Once upon a time four business people flew to a faraway country in Asia to observe and encourage three kingdom businesses. They came as learners but also ready to share suggestions and consulting expertise as requested. They represented a cumulative 90 years of business experience, a recent MBA graduate among them and all four were involved in coaching, training and mentoring business startups. Three were men, one was a woman and they came with robust experience in entrepreneurship, marketing, leadership and finance.
One of the businesses visited was well established, fiscally mature and served the community well with job creation, fiscal and tax responsibility and social engagement. They had been in business for 15 years and in the startup phase they brought in qualified managers and sought help from business people experienced in the country. Local mentors provided counsel in the language, culture, social conditions and Business as Mission integration.
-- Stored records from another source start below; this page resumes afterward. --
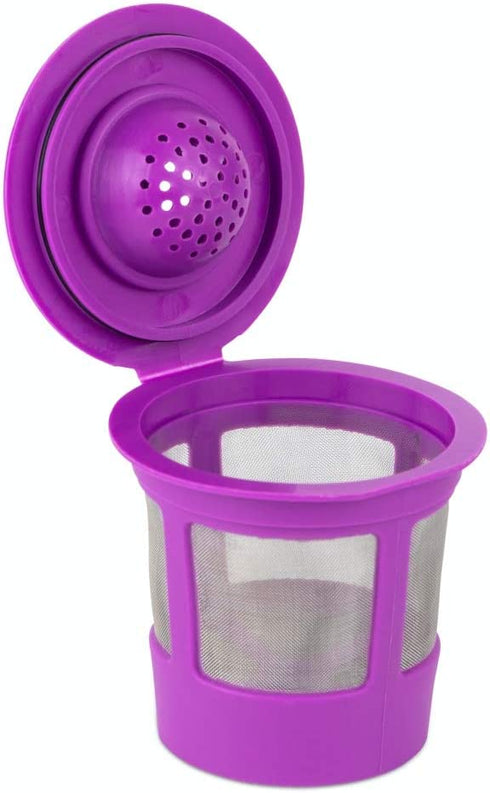Brew Addicts 4 Reusable K-Cups Filter - for Keurig 1.0 Brewers, Eco-Friendly Universal Fit Refillable Single Cup Coffee Filters, Stainless steel Mesh Filter, Purple
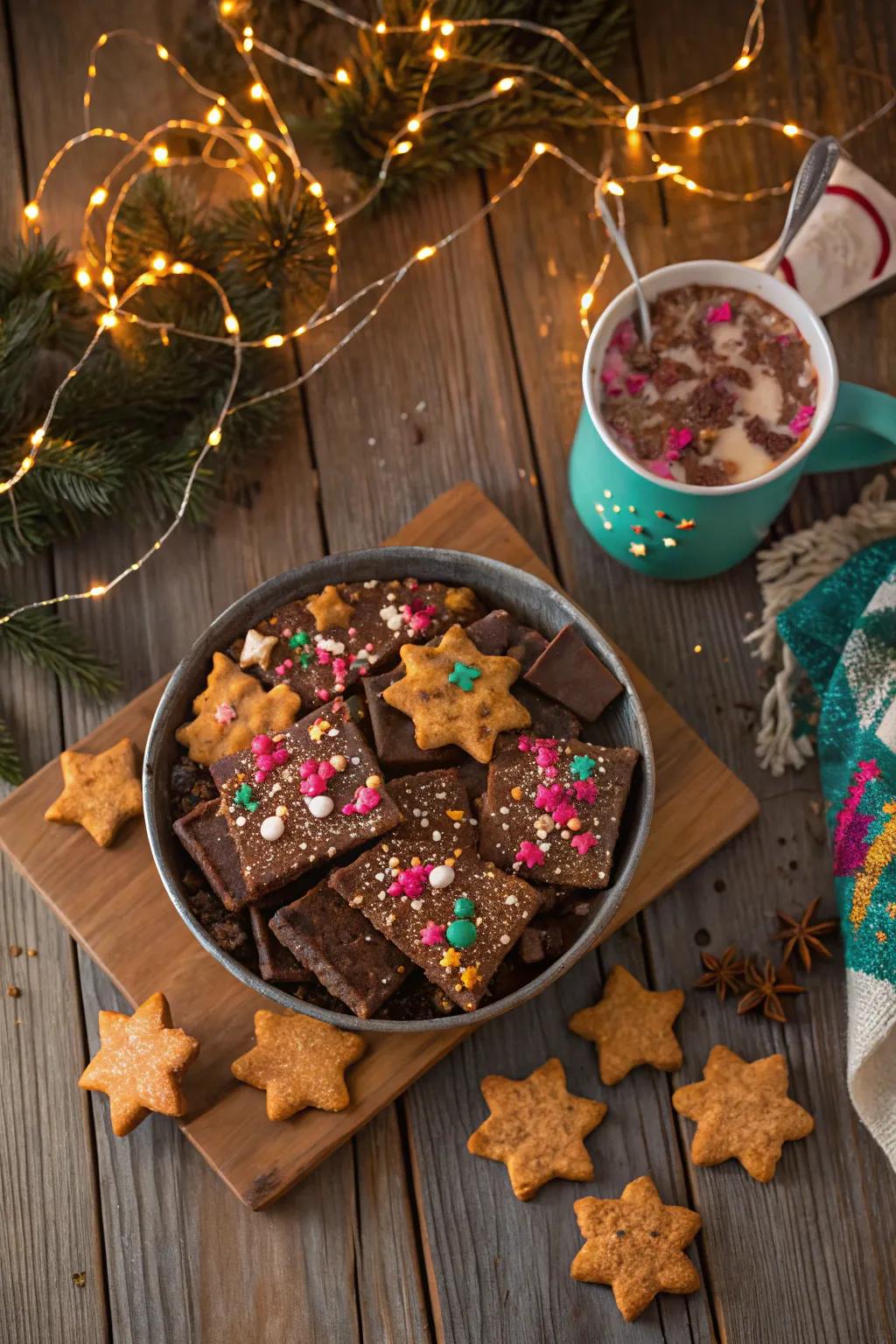 Bring holiday magic to life with gingerbread-infused bark.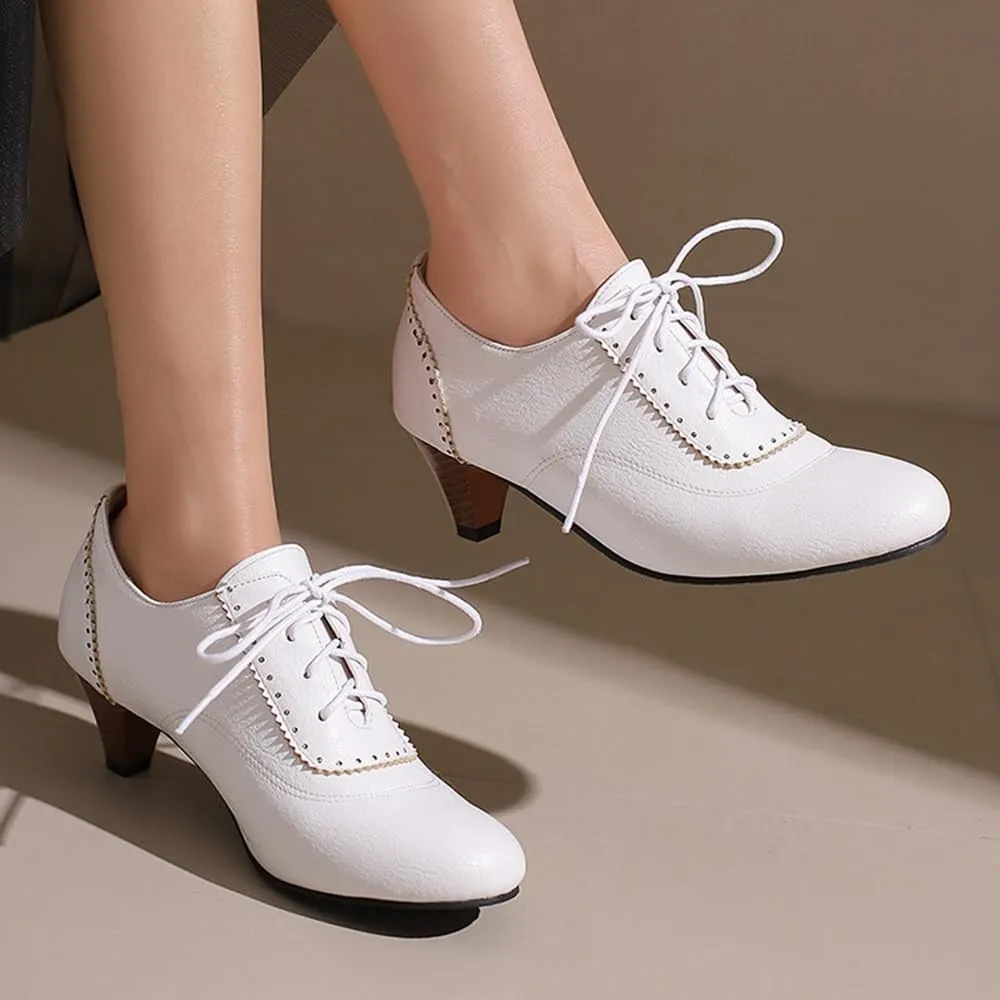 Women's Lace Up Vintage Rubber Dress Pumps Round Toe Block Mid Heels Retro Brogues Shoes Super Size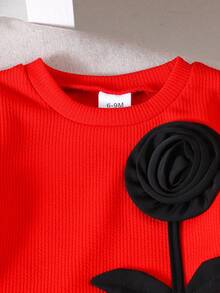 2件套女婴可爱红色短袖T恤+黑色裤子套装，春夏款 - 紅色 - 查看 4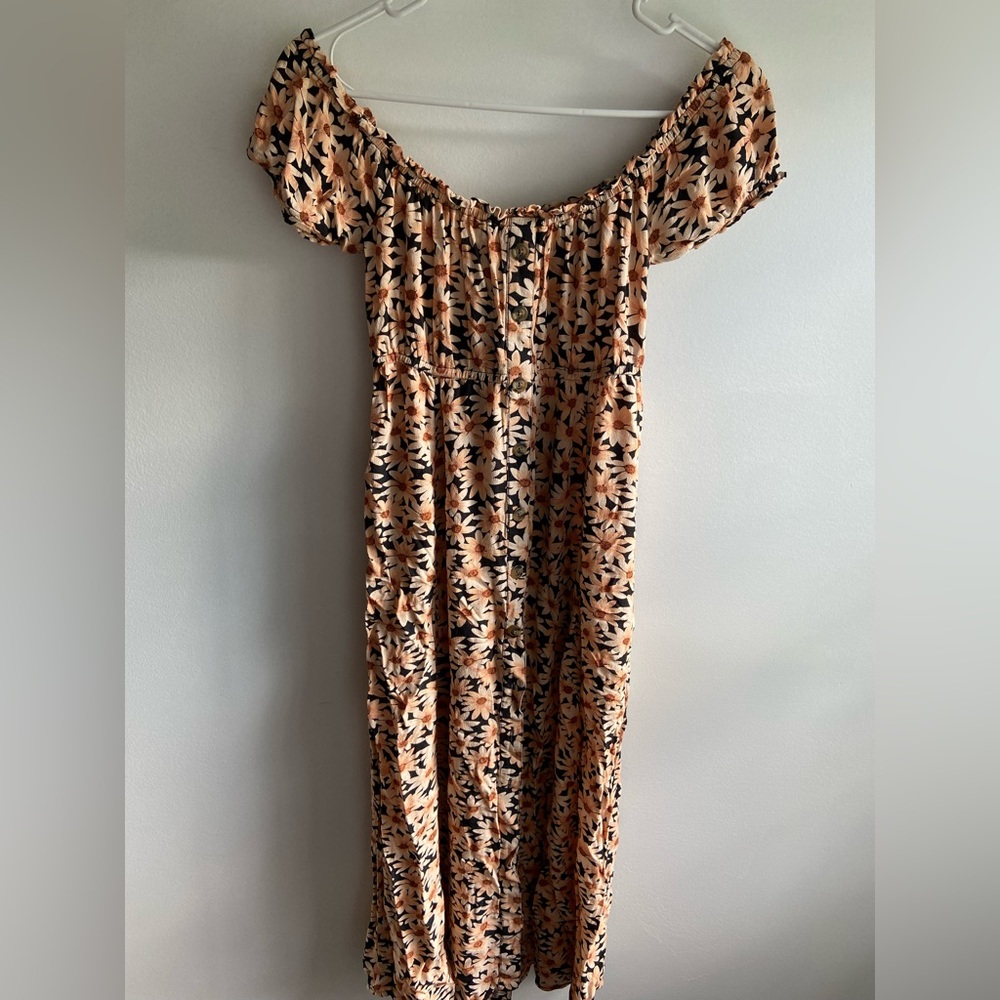 AEO Sunflower off the shoulder dress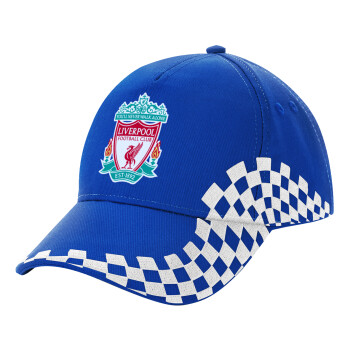 Liverpool, Adult Ultimate BLUE RACING Cap, (100% COTTON DRILL, ADULT, UNISEX, ONE SIZE)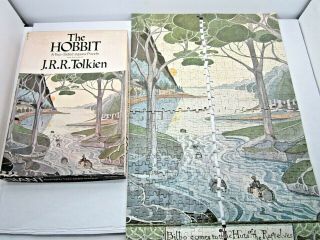 VINTAGE 1971 THE HOBBIT J.  R.  R.  TOLKIEN 2 - SIDED JIGSAW PUZZLE MIDDLE EARTH MAP 3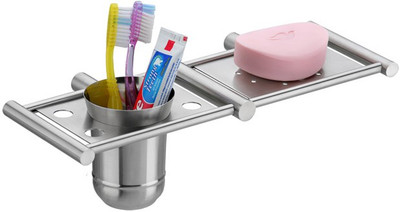 

Doyours Combined Soap Dish & Tooth Brush Holder(Silver)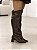 Bota Feminina Aline Over Marrom Salto Baixo - Imagem 10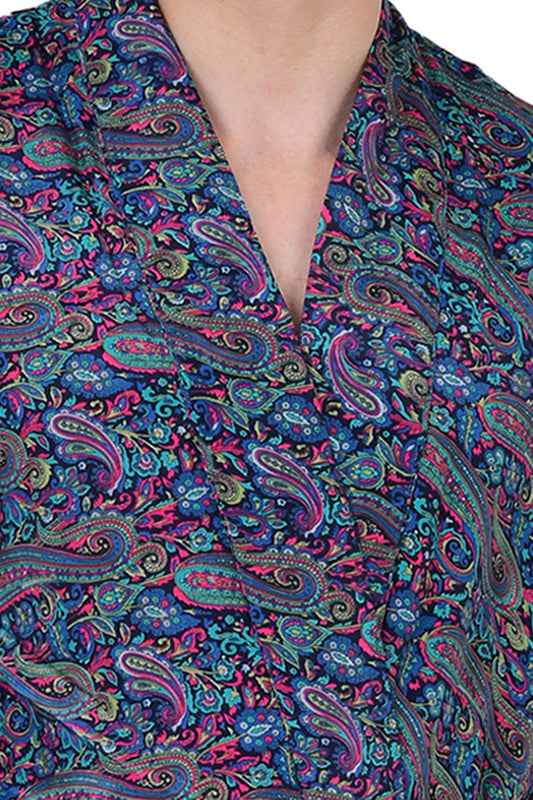 Men's Boho Silk Kimono Robe: Persian Paisley, Elegant Blue & Pink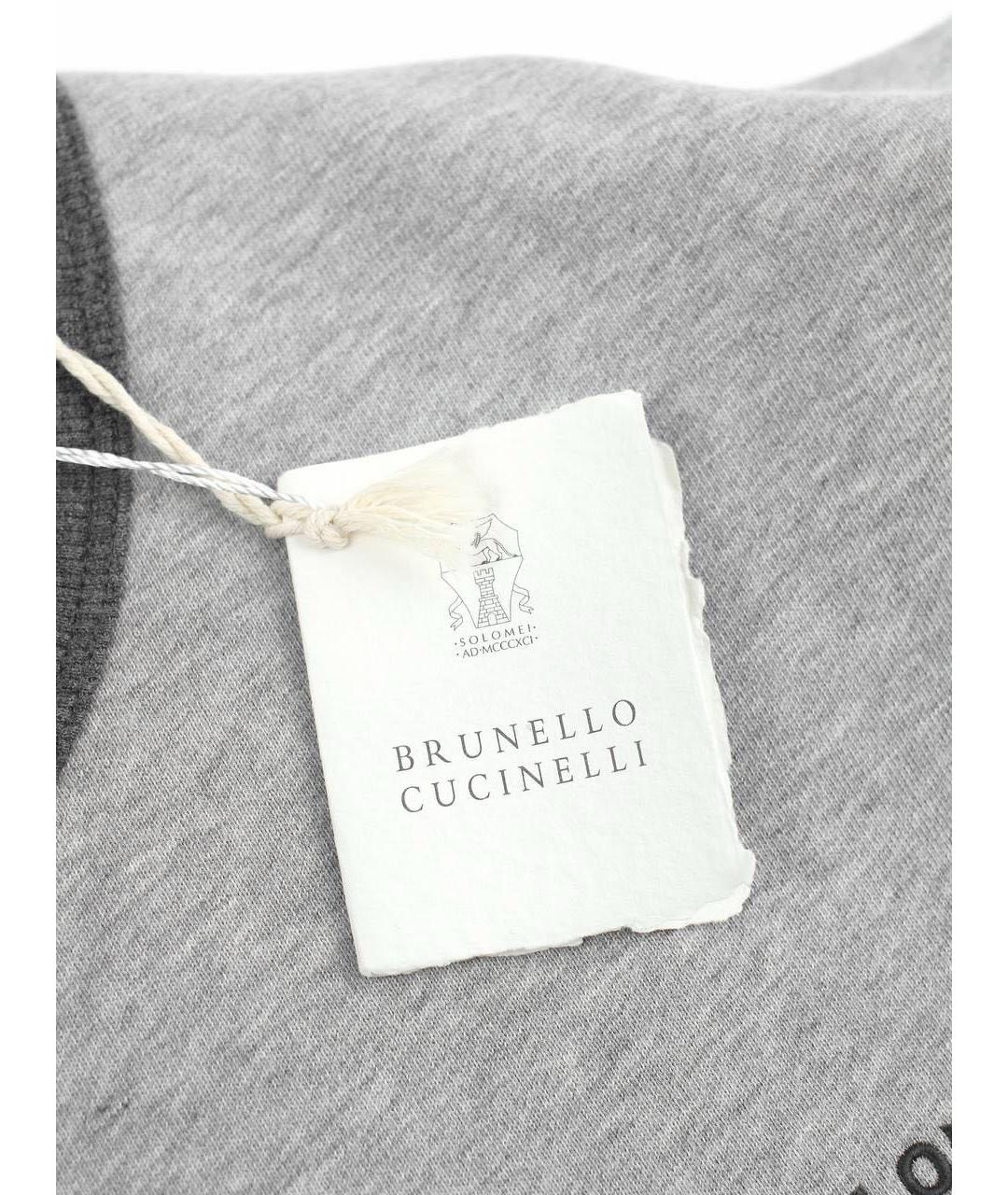 BRUNELLO CUCINELLI Серый хлопковый джемпер / свитер, фото 6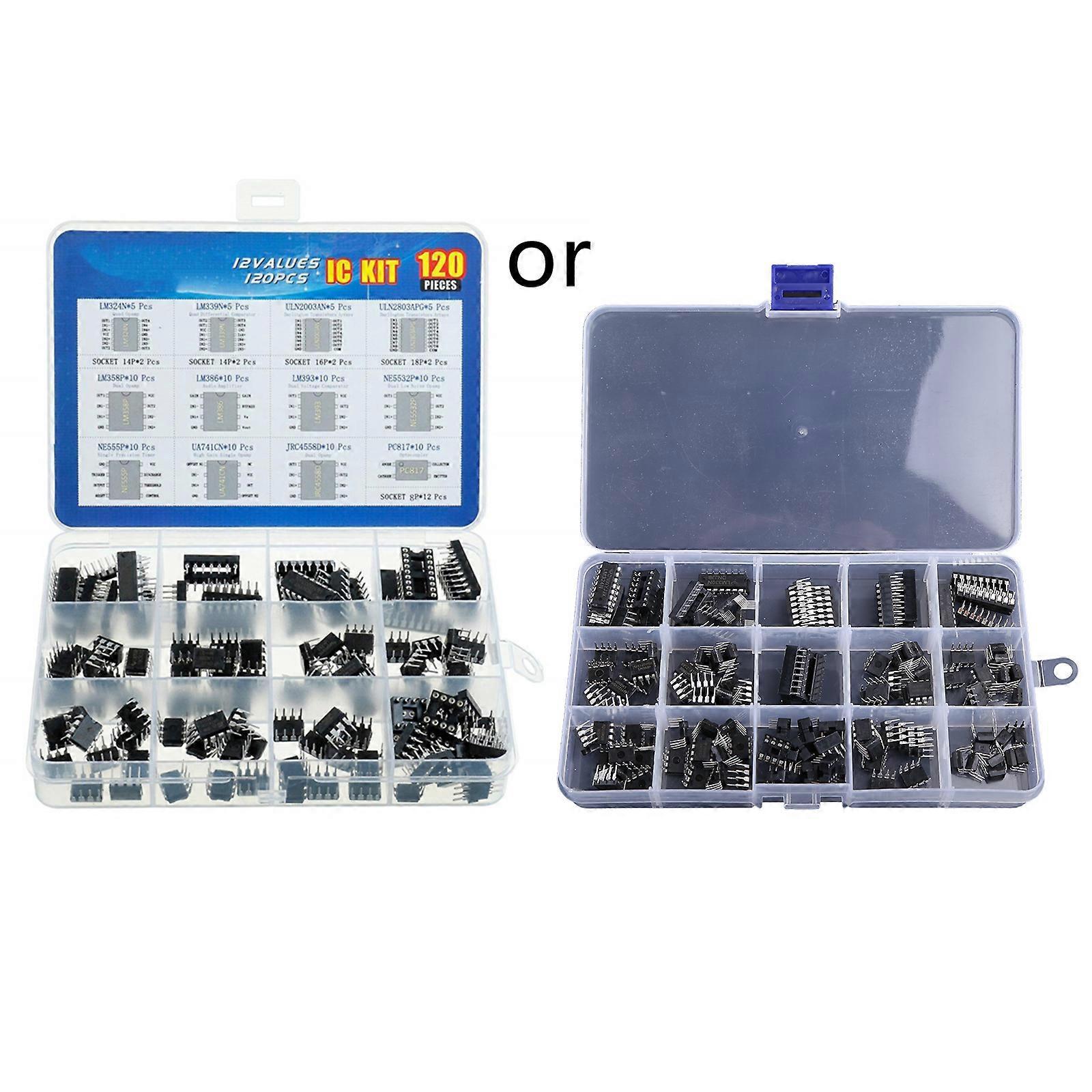 Ic-chip-sortiment-kit Einzelpräzisions-timer-oszillatoren 120 Stück Lm393 Lm324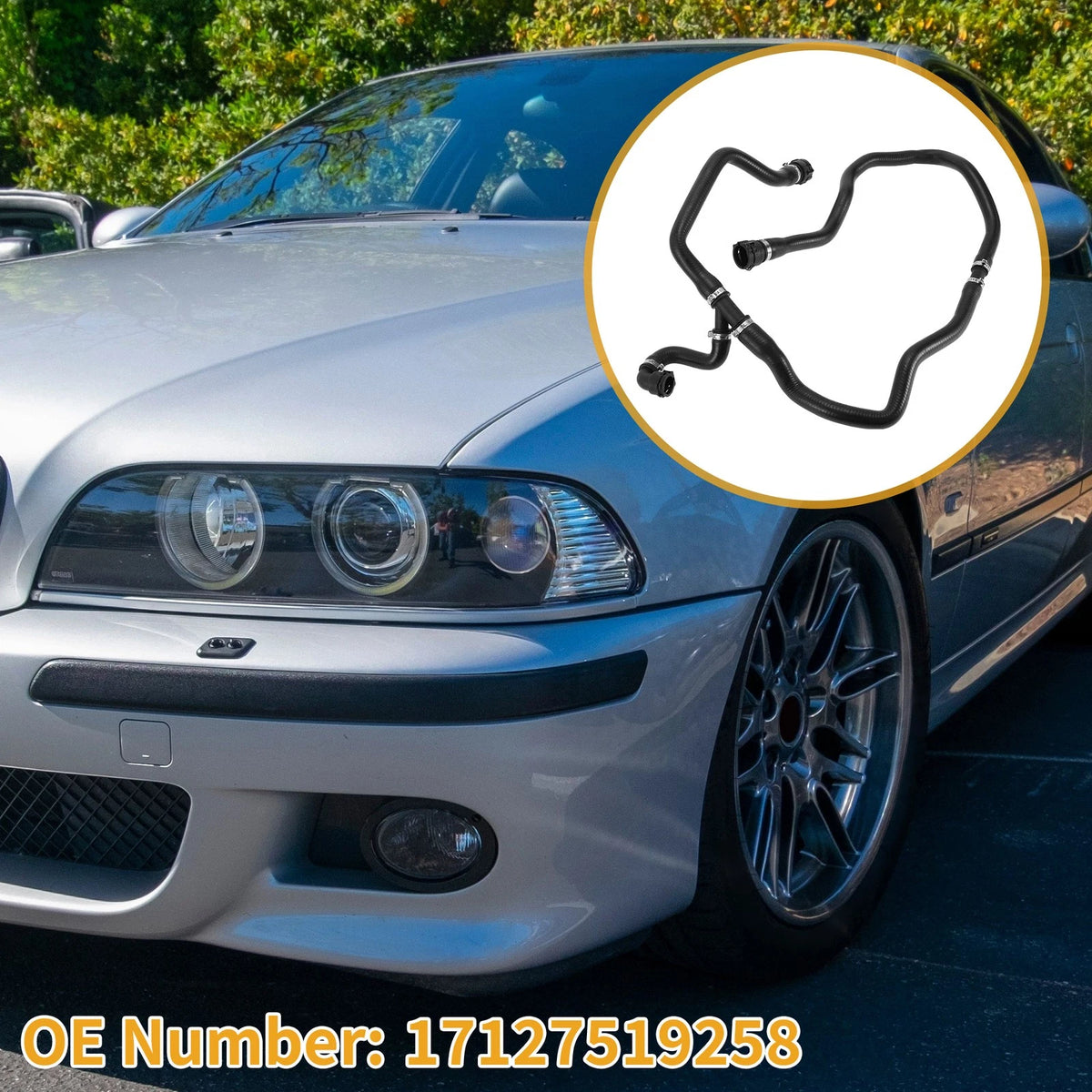 Radiator Hose Rubber Black for BMW 525i 530i (2004-2005) 1 x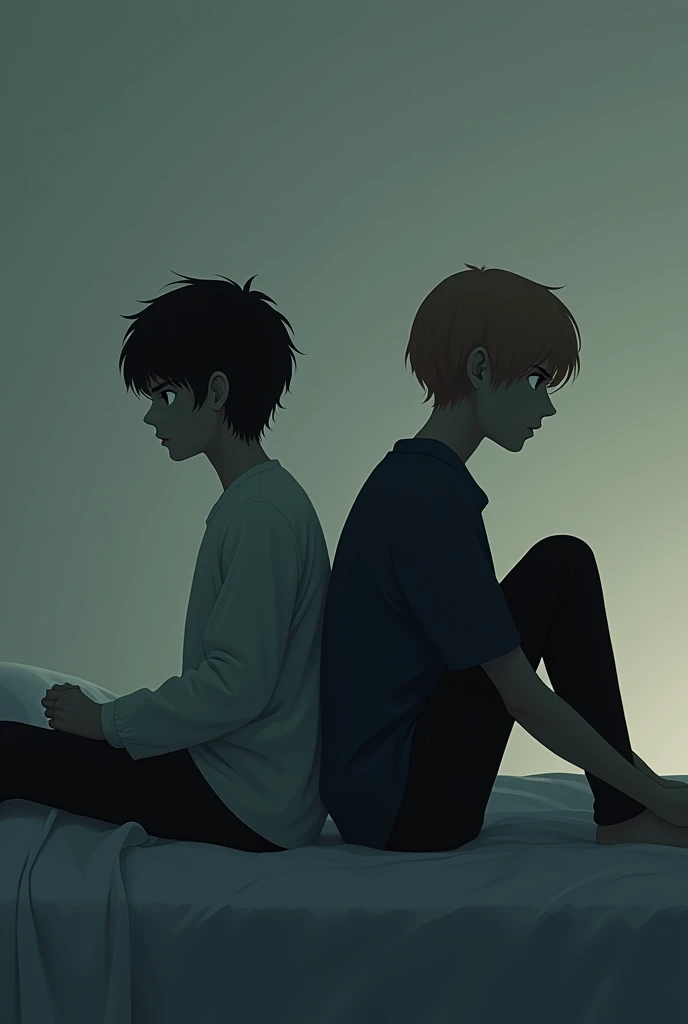 One and one sitting on the bed with their backs to each other without speaking., nervous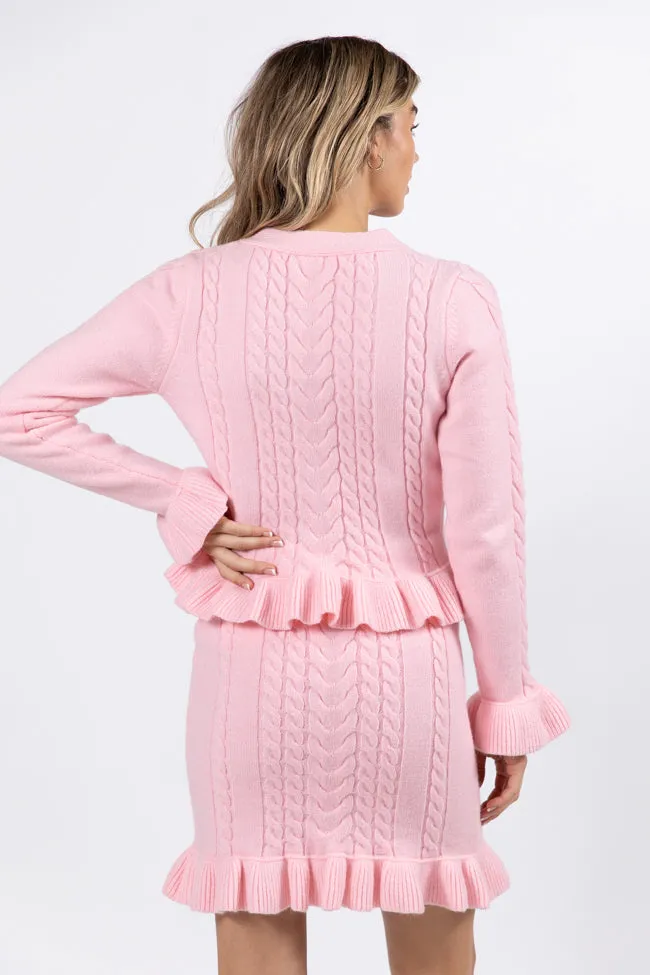 Glistening In The Snow Pink Cable Knit Cardigan Set FINAL SALE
There were ups and downs but they consider their success to be closely linked to their willingness to be life-long learners.
The second business also had been in-country for about 15 years. It had created jobs for many people and was making a clear difference in the community where it had respect and credibility with the locals. The owners had built their business model on proven models in other places. However upon arrival in 2004 the visiting team found that the business was facing significant challenges. The market had changed and their customer base was changing. Their cash flow was at risk and they were worried about the future. They asked the team of four for advice. They knew they needed to learn, wanted help, asked for it and appreciated two days of good counsel.
The third business gave evidence of much success in the social and spiritual sector, however the business model was being challenged and finances and management were in disarray. This and more was evident to the visiting team. However it was not equally evident that this business owner wanted help. He seemed detached from the realities of where the business was headed. Being a learner was not a concept he had internalized. His business seemed to be at high risk.
Why is it important to always be learning?
1. Speed of change: Moore’s Law describes the driving force of technical and social change, increased productivity and economic growth in exponential technical terms. For example, four exabytes of unique information will be generated this year, more than the previous 5,000 years. The top ten in-demand jobs in 2010 did not exist in 2014 and it is estimated that by 2035 50% of the jobs on the planet today will not conceptually exist. The amount of technical information is doubling every two years. The speed of change in the world today demands that managers always be learning.
Hall of Fame hockey great, Wayne Gretzky, when asked what makes him different, suggested that he does not go where the puck is but where the puck will be. Such logic is prophetic of a manager who has learned to keep growing and learning. Zig Ziglar once said, “I’m a constant learner. You need to be a constant student because things change and you have to change and grow. And I emphasize the word ‘grow’.” This 4-minute video provides a sense of how much change we are facing now — and what it means for lifelong learning.
2. Complexity of Kingdom businesses: Some evidence suggests 80% of US businesses fail within the first five years of operation (Why 9 out of 10 Small Businesses Fail). Now add the complexities of a foreign culture, different language, factors of integrating the Triple Bottom Line, international law, trade issues and financial/accounting issues — one would think the failure rate would be much higher. In order to succeed such complexity demands owners, consultants and coaches to be constantly learning. In the words of Sidney Poitier, “I have always been a learner because I knew nothing.”
3. Common Wisdom: A wise man 3,000 years ago reminded us of the importance of counselors in decision making: “Make plans by seeking advice…many advisors make victory sure…plans fail for lack of counsel…”(Solomon in Proverbs 20:18; 11:14; 15:22). Henry Ford said, “Anyone who stops learning is old, whether at twenty or eighty. Anyone who keeps learning stays young. The greatest thing in life is to keep your mind young.”
Yes, it’s true, just as this blog from The Under 30 CEO explains: Great Entrepreneurs are ALWAYS Learning.
To be successful in any business and to be successful in Kingdom business overseas, striving for the Triple Bottom Line of profitability, job creation and social Kingdom disciple-making results requires owners and managers to always be learning, open to new ideas, seeking counsel from others and with the counsel of others making plans for tomorrow.